Non-Payment Incentive Mechanism Design for Resource Allocation in a Private Cloud System
Author(s) -
Weiwei Wu,
Minming Li,
Jianping Wang,
Xiumin Wang
Publication year - 2018
Publication title -
ieee access
Language(s) - English
Resource type - Journals
SCImago Journal Rank - 0.587
H-Index - 127
ISSN - 2169-3536
DOI - 10.1109/access.2018.2861561
Subject(s) - aerospace , bioengineering , communication, networking and broadcast technologies , components, circuits, devices and systems , computing and processing , engineered materials, dielectrics and plasmas , engineering profession , fields, waves and electromagnetics , general topics for engineers , geoscience , nuclear engineering , photonics and electrooptics , power, energy and industry applications , robotics and control systems , signal processing and analysis , transportation
Truthful resource request from users is the premise to achieve the maximum social welfare in an enterprise private cloud. To stimulate the truthfulness of users, most previous works mainly rely on introducing the payment, which however, might not be applicable in enterprise private clouds, where there is a lack of money transfer. To address this issue, this paper proposes non-payment but efficient mechanisms in private clouds to stimulate the truthfulness of the users and meanwhile maximize the social welfare. Moreover, different from previous works that allow only one job request from one user, this paper studies a more general model, where multiple jobs can be submitted by each user.
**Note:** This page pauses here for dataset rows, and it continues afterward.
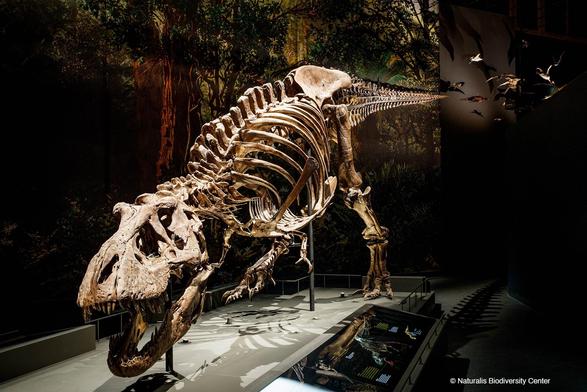 Skeleton of a Tyrannosaurus rex discovered at Murray Ranch, Montana, USA (© Naturalis Biodiversity Center)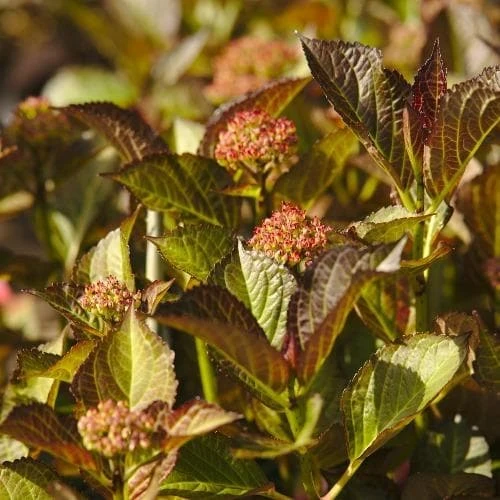 Hydrangea Macrophylla Red Angel 4 Hydrangea Macrophylla Red Angel - Image 2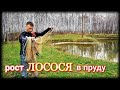 Рост ЛОСОСЯ в пруду. РЕЗУЛЬТАТ.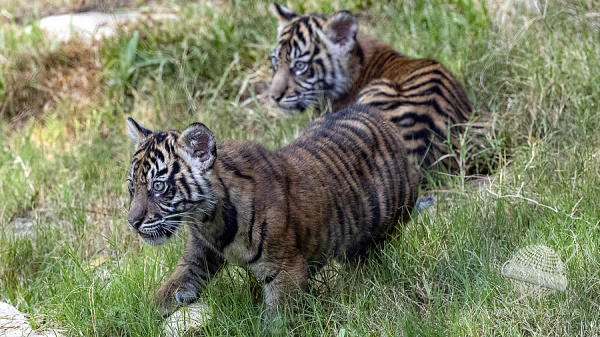 San Diego Zoo Safari Park celebra el debut público de  Dos cachorros de tigre de Sumatra 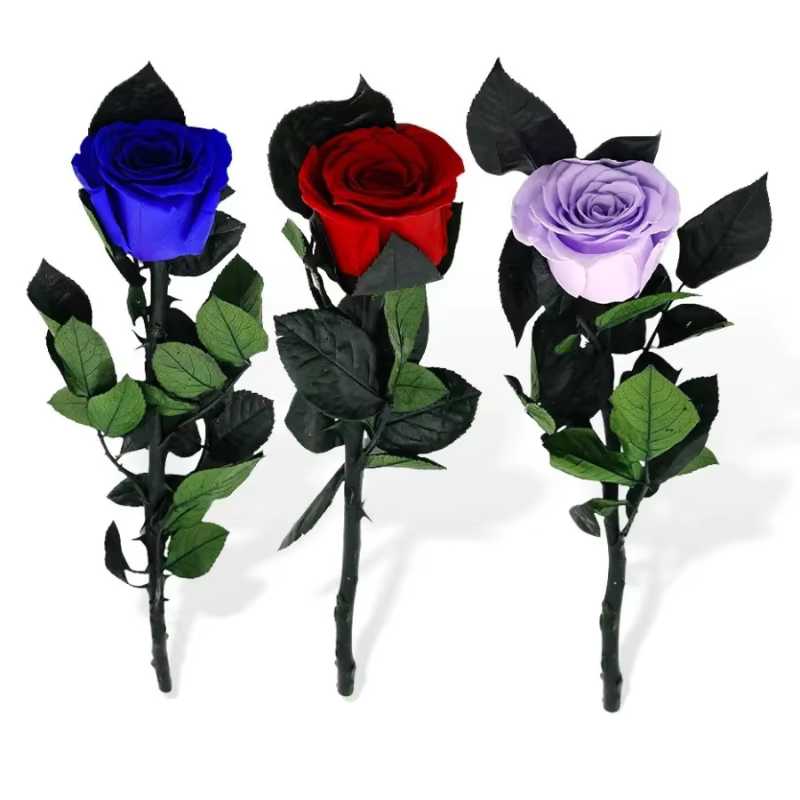 Boîte cadeau de roses à tige unique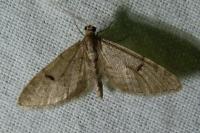 Eupithecia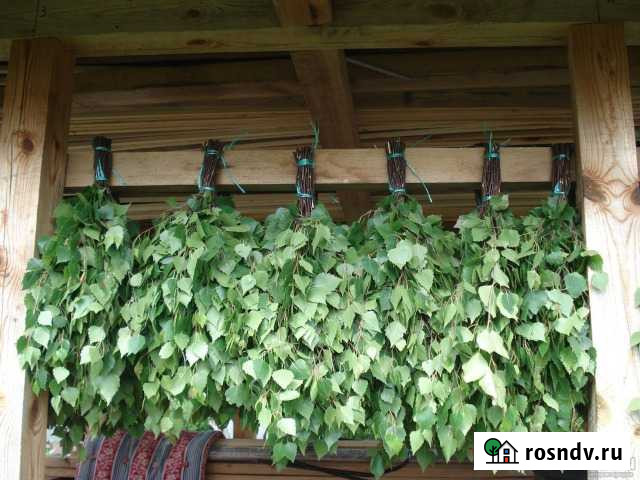 Березовые веники Саранск - изображение 1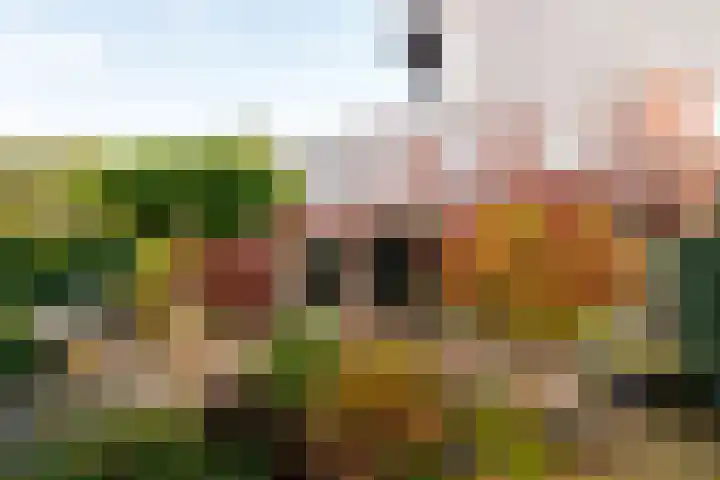 Diadeemstraat 94 Almere thumbnail 38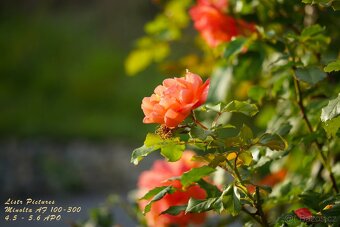 Objektiv Minolta AF 100-300 mm APO - bajonet Sony A - 10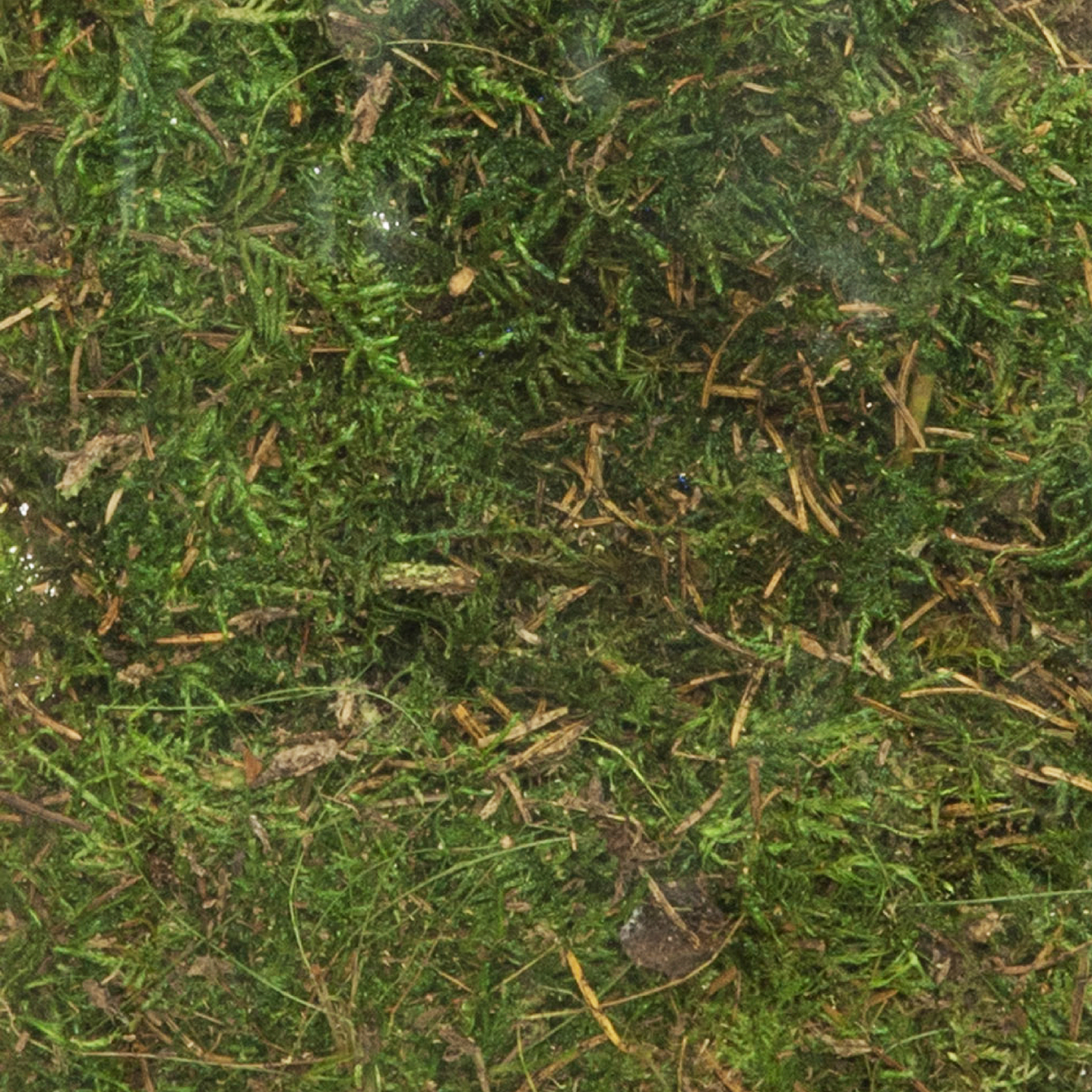 (2 pack) Planter and Terrarium Sheet Moss, Green, 2 oz. Bag, 1" L x 7" Wide x 11" H, Indoor / Outdoor Use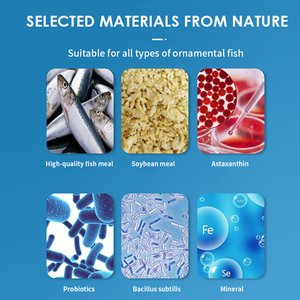 Venta Caliente de Alimento <span class=keywords><strong>para</strong></span> Peces Guppy, OEM y ODM - Product Image 6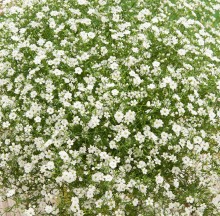 img-1: Гипсофила муралис Джипси Компакт Вайт [1000 м/драже] - ООО «Семена Тут»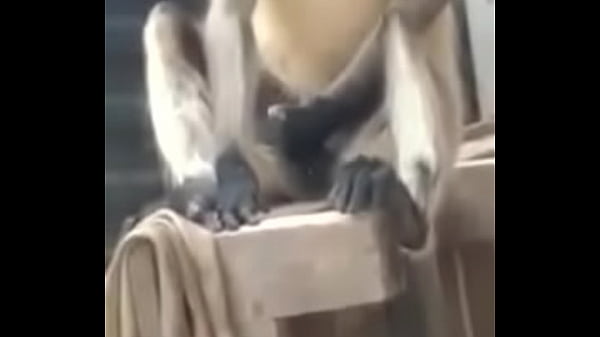 thumb monkey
Specifically, we consider two task models: the migration-admissible model and non-migration model. In the former model, jobs can be executed at different servers, and may undergo migration if necessary. Alternatively, in the latter model, jobs can only be executed at one server without migration. For both models, we design incentive resource allocation mechanisms to maximize the social welfare. Theoretically analysis shows that the proposed mechanisms are truthful for general monotonic profit functions and the worst-case performance on the social welfare are well-bounded within a constant factor of the optimal solution for linear profit functions. Simulation results also demonstrate that the performances of the proposed mechanisms are very close to the optimal solution, in terms of maximizing the social welfare.